After $46 billion in sequestration-related budget cuts forced the Army, Air Force, Marines and Coast Guard to suspend tuition assistance in early March, political leaders found themselves facing considerable opposition to the move.
Sen. James Inhofe, R-Okla., and Sen. Kay Hagan, D-N.C., quickly introduced a bill that mandated the Department of Defense find funding to reinstate tuition assistance. By March 21, Congress had passed the revised spending bill, and President Barack Obama signed it into law five days later.
Still, even well into the first week of April, service members are not receiving tuition assistance. Those currently taking courses paid for with tuition assistance aren’t affected, but no new applications are allowed at present.
The Pentagon has stated that representatives from the Department of Defense and the tuition assistance program are now discussing how to comply with the new law. Logistical and budgetary concerns within the military mean it may be some time yet before the program is fully reactivated.

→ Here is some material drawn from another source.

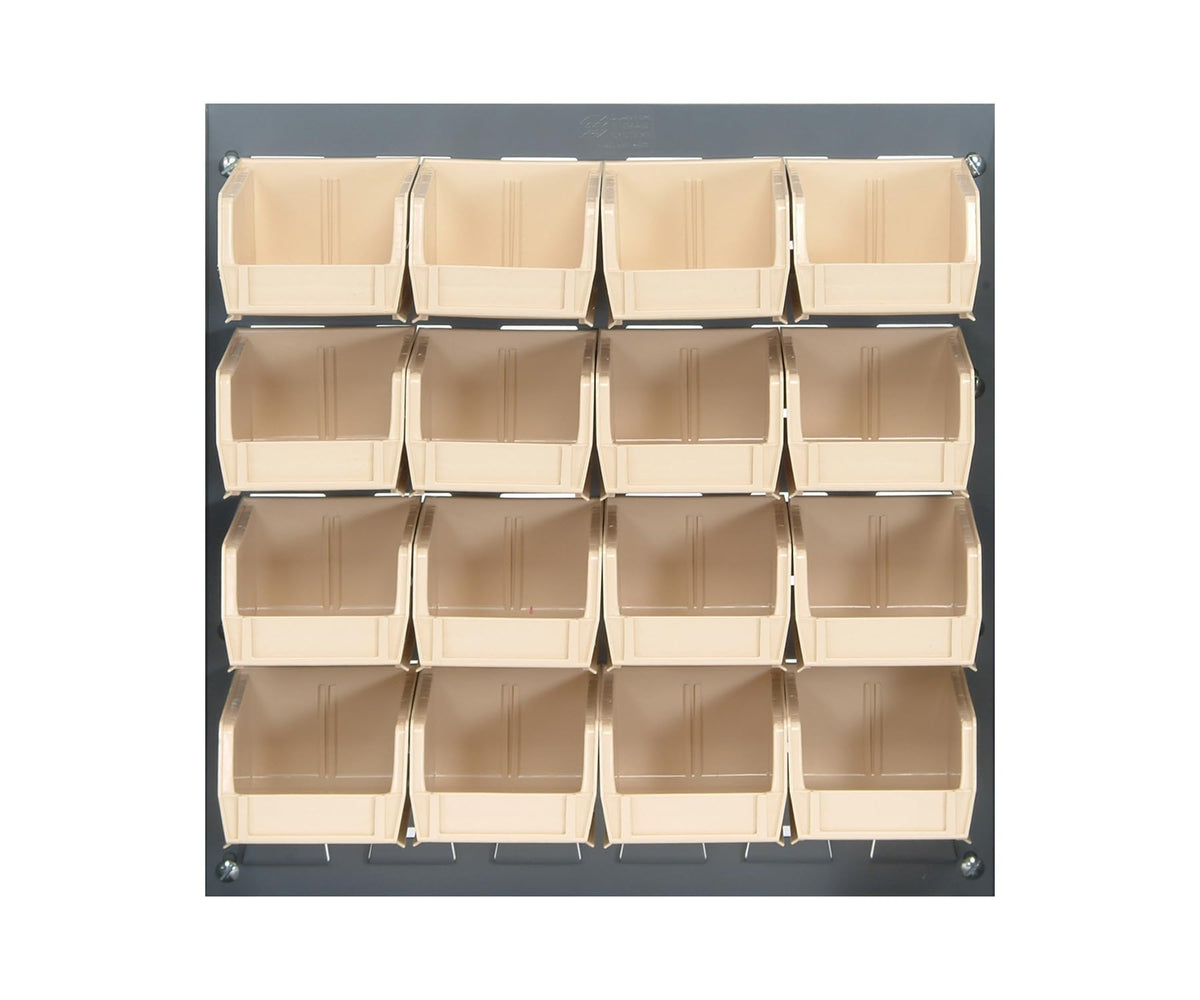 QUANTUM STORAGE SYSTEMS Ivory / 5-3/8" x 4-1/8" x 3" (Bin Size) / Gray Panels Open Storage Bins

Service members with questions or concerns should contact their Education Services Office for additional information. The Navy is the only branch of the military that did not suspend tuition assistance.
Military tuition assistance, when active, provides service members with up to $4,500 annually for classes. The program started after World War II, and has grown steadily over the decades. More than 538,000 military personnel took advantage of tuition assistance last fiscal year.